A insustentável leveza de FHC

Em janeiro deste ano, Nizan Guanaes declarava à revista "República" que o PT era "taleban total". E continuava: "O PT é contra a alegria, é contra soltar pipa. Só faltam os turbantes, a barba já tem. Eles vão ficar naquela coisa triste, o mundo é triste, o Brasil é uma tristeza. O Duda vai vir de gás lacrimejante, e eu vou vir com aquele gás do riso".
Duda Mendonça já era o marqueteiro de Lula naquele momento. Nizan ainda estava com Roseana Sarney -aliou-se depois a Nelson Biondi na campanha de José Serra.
Hoje é irônico, sem dúvida, pensar na candidatura de Lula como a apologia da tristeza e na de José Serra como a da alegria e do gás do riso. Mas apontar a frase infeliz de Nizan Guanaes, a esta altura, não tem graça nenhuma. O que me espanta é a rapidez com que o país abandonou o simplismo ideológico ao longo da campanha eleitoral.
Aquelas clássicas perguntas nos debates, do tipo "o senhor sabe qual é o preço de um pãozinho?" ou "o senhor acredita em Deus?" ou ainda "qual será o seu primeiro ato ao assumir o governo?", parecem hoje incrivelmente provincianas e atrasadas.
Verdade que, no último debate, José Serra tentou reeditar coisas desse tipo, perguntando a Lula qual o preço da passagem de ônibus em São Paulo. Verdade também que a resposta de Lula foi risível -entre muitas tergiversações, o candidato do PT acabou lembrando que mora em São Bernardo.

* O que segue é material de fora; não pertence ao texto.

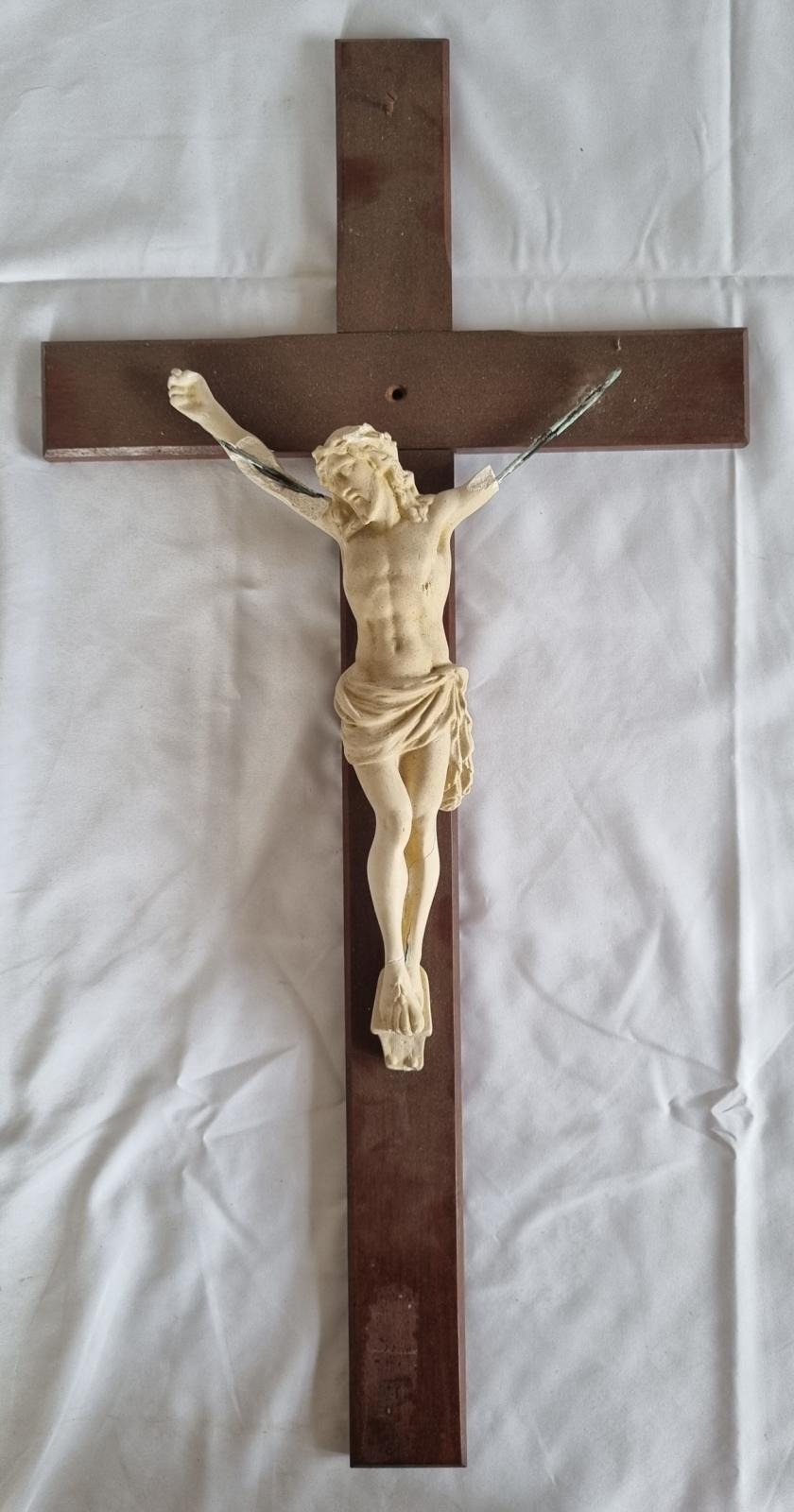 26-247 Jesus on the Cross photo with background.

Pormenores. O fato é que mensagens messiânicas e frases demagógicas não foram o forte desta campanha e que as tentativas de baixaria foram, até agora (não sei no segundo turno), muito mal recebidas.
Percebeu-se, mais ou menos rapidamente, que algumas atitudes não colam mais. O recurso à fraseologia anticomunista, por exemplo. Um jingle de Serra falava algo como "eu sou azul, o Lula é vermelho", mas sua eficácia e abrangência na opinião pública se mostraram residuais.
Além do anticomunismo, também caíram no vazio as tentativas de agitar o fantasma da "argentinização", do caos econômico na eventualidade de uma vitória de Lula. Fernando Henrique e sua equipe econômica tiveram rapidamente de desistir desse recurso na campanha, pois talvez o perigo profetizado se tornasse real antes do tempo.
Em resumo, não foi possível demonizar o PT nem usar de recursos "politicamente incorretos" para atacar Lula, muito menos fazer uso da manipulação telejornalística pura e simples.
Simetricamente, Fernando Henrique foi muito preservado nesta campanha. Os resultados da eleição foram fortemente desfavoráveis ao governo -muito mais do que o discurso dos candidatos estava a indicar.
Enquanto o maniqueísmo aumentou muito no plano internacional, com a simploriedade ameaçadora de Bush, aqui se deu o fenômeno inverso. Será que ficamos tão civilizados assim? O segundo turno das eleições presidenciais trará a resposta. Faço quatro observações pontuais.
O candidato mais demonizado, mais estigmatizado pelas frases infelizes que pronunciou, foi Ciro Gomes; foi também quem teve o discurso mais politizado e mais crítico contra Fernando Henrique.
Os "outsiders" do sistema político, as figuras menos inteligíveis para a elite (e talvez as de imaginário mais ameaçador), não se localizaram na esquerda do espectro político. Muitos candidatos evangélicos e também o Prona do dr. Enéas é que se constituíram nas forças que o nosso vocabulário ideológico tem menos condições de absorver.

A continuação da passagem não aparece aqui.